The ferry Susitna near completion at Alaska Ship and Drydock. Photo by Patty Sullivan, Mat-Su Borough

Eventually, it hopes to sail the ship in northern Cook Inlet — connecting Anchorage and Point MacKenzie, and possibly Kenai and Tyonek.

But no ferry ramps have been built. So officials are looking for other options.

“The borough is interested in gathering any sort of idea on how to use the ferry while we work on the landings. If the Alaska Marine Highway is interested, we’re certainly are interested in speaking with them,” she says.

She says it’s too early to say how much the borough would charge. (Read more from the borough about the Susitna.)

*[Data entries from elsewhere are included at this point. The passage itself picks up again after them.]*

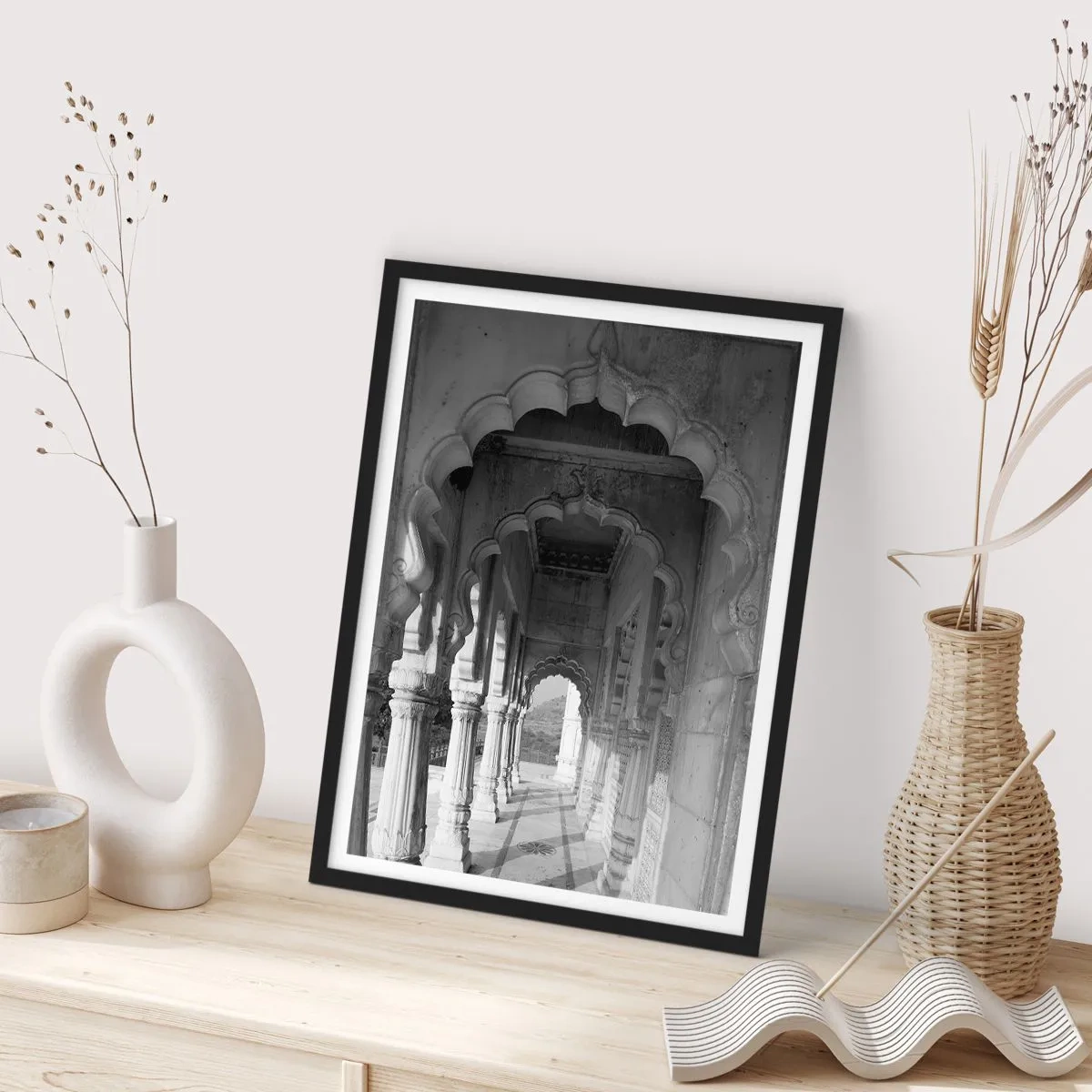 Poster in black frame - This is a Place of Fairytales of the East - 30x40 cm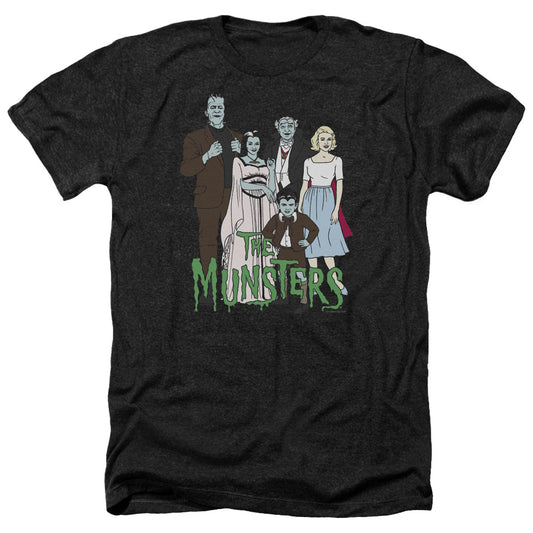 The Munsters - The Family - Adult Heather-black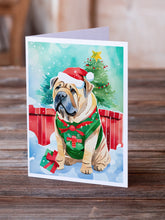 Load image into Gallery viewer, Shar Pei Christmas Greeting Cards - Blank Note Cards – 8-Pack of Artist-Designed Cards with Envelopes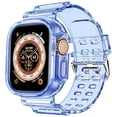 thumbnail image 1 of Correa de Silicona Transparente con Case para Apple Watch, Compatible con Todas las Series, 1 of 5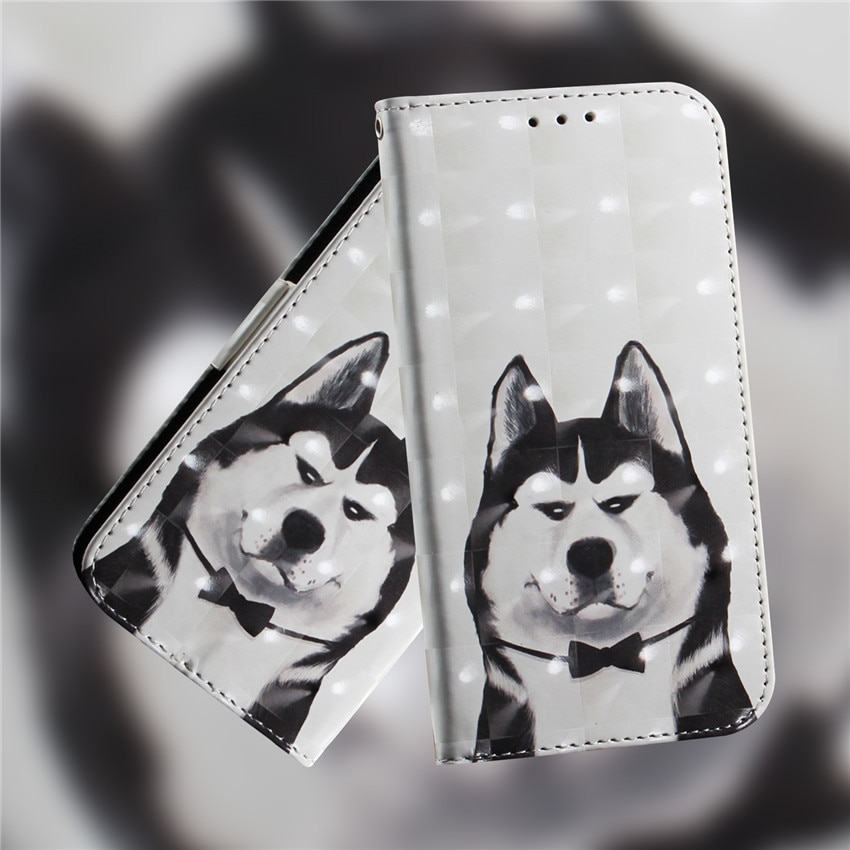 Case Samsung Galaxy A7 (2018) #เคสฝาพับแบบกระเป๋าสตางค์ Pattern Printing Wallet Stand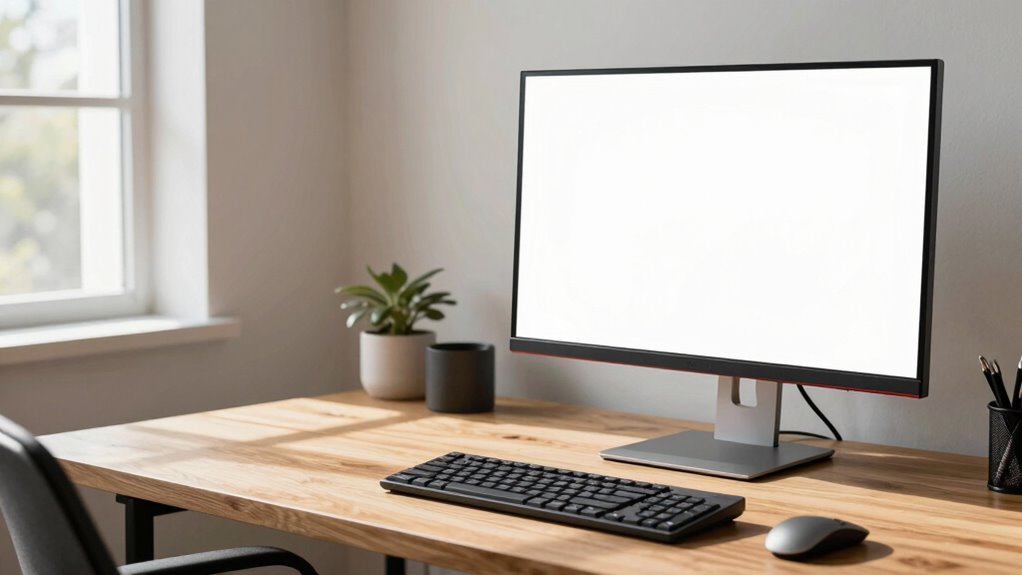 proper monitor height setup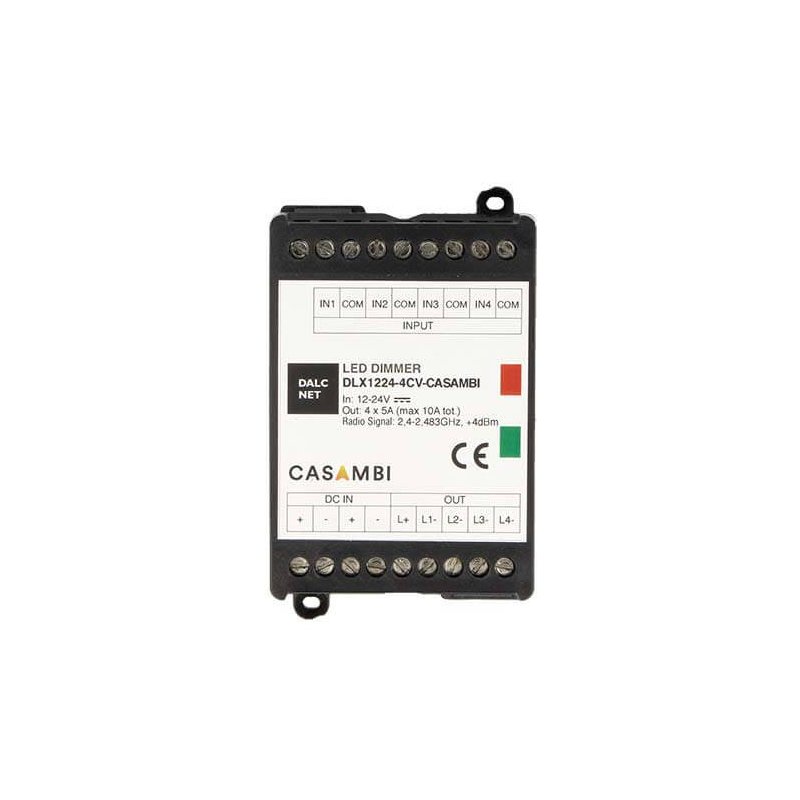 foto del prodotto dlx1224-4cv-casambi led dimmer bluetooth app casambi 4 canali rgb rgbw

Juneau Senator Dennis Egan recently toured the Susitna, and he was impressed.

“Every time I go into Ketchikan and see that doggone ship sitting there, it makes me ill. I mean $78 million and it’s just sitting there,” Egan says.

Egan wants the Alaska Marine Highway System to consider using the Susitna, as a fill-in vessel or for a regular route. He recently led a delegation of Juneau lawmakers to a meeting with ferry officials.

“I’m not talking about stealing it from the Mat-Su Borough. I’m talking about the state of Alaska reimbursing the Mat-Su Borough if we can use it,” he says.

State transportation officials have looked into the craft. Ferry chief Mike Neussl says adding it to the fleet would be difficult.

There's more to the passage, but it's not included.